A Return to the Moral Center
These are not radical notions. They are the common sense ideas that form the core of who we are as a nation. We can rally Americans, once again, to stand up for these values. We can make America, once again, a land where it is safe for everyday people to dream.
We will prevail because — in truth — we are not in a right-wing period of American history, nor are we in a left-wing period. We are simply in a volatile period.
And during times like these, we can take comfort in knowing that a great nation will ultimately pull its answers — not from its ideological extremes — but from its deep, moral center.
By standing up for dignity, equal opportunity and fair play, the Wisconsin workers have found their way to America’s great moral center.
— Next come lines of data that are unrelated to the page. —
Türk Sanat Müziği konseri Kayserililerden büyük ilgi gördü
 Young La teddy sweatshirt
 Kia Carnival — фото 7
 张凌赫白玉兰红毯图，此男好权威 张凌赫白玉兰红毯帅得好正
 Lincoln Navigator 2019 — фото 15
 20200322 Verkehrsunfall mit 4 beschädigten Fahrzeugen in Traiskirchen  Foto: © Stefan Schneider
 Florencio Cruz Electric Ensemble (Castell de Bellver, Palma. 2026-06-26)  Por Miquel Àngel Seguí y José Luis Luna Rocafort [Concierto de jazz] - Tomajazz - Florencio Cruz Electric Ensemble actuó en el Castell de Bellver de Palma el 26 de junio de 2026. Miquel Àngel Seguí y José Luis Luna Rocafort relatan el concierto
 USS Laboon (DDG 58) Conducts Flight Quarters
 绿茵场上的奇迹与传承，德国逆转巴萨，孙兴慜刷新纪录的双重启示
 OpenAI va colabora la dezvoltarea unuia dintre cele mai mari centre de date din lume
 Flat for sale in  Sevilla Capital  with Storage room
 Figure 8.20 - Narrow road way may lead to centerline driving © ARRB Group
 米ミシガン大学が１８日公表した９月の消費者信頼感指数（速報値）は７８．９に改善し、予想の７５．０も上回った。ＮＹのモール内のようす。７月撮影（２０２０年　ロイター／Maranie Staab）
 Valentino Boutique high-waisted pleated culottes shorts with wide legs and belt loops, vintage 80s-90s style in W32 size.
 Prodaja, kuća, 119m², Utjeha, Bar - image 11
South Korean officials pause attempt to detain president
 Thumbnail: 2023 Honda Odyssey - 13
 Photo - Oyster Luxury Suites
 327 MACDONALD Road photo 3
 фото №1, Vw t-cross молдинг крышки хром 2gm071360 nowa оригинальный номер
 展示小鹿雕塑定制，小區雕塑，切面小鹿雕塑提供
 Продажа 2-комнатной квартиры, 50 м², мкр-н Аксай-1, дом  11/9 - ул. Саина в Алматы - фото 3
They have shown us all, at last, the way back home. By standing with them, we reclaim what is best in our country.
April 15, 2009, marked the beginning of the national movement to remember the Tea Party and pull America to the ideological right.
Let Saturday, February 26, 2011, mark the beginning of the national movement to renew the American Dream and return us to the moral center — where everybody counts, and everybody matters.
Or, as he so eloquently put it at Power Shift ’09 (by the way, you wanna get amped? Power Shift ’11 is coming up), it’s deeper than a solar panel:
I’ve disagreed with Van Jones frequently over the last couple years. But here there is no distance between us. This is the ‘drop what you’re doing if you can and join the fight, ANY way that you can’ moment. This is the moment in which we have the almost unbelievable opportunity to revive and reunite the movement that has lain, not dormant, but frustrated and at times despondent, over the last couple years. The movement that inspired and redeemed me, in moments of great darkness and despair, and that led me to exactly where I am, sitting in my dining room in Cleveland, Ohio, taking a brief break from the most fulfilling work I could hope to engage in, day and night (and other nights). There are literally thousands of ways of tapping into and supporting that movement. It encompasses so many communities of kindness and justice, so many communities that are, frankly, under attack (I’ll talk in my next post about some of the opportunities for engagement, and the essential communities that need support). Anything we can do to help that movement survive, grow, and continue to struggle on for human dignity and kindness, and faith in the future, we owe it to ourselves to do.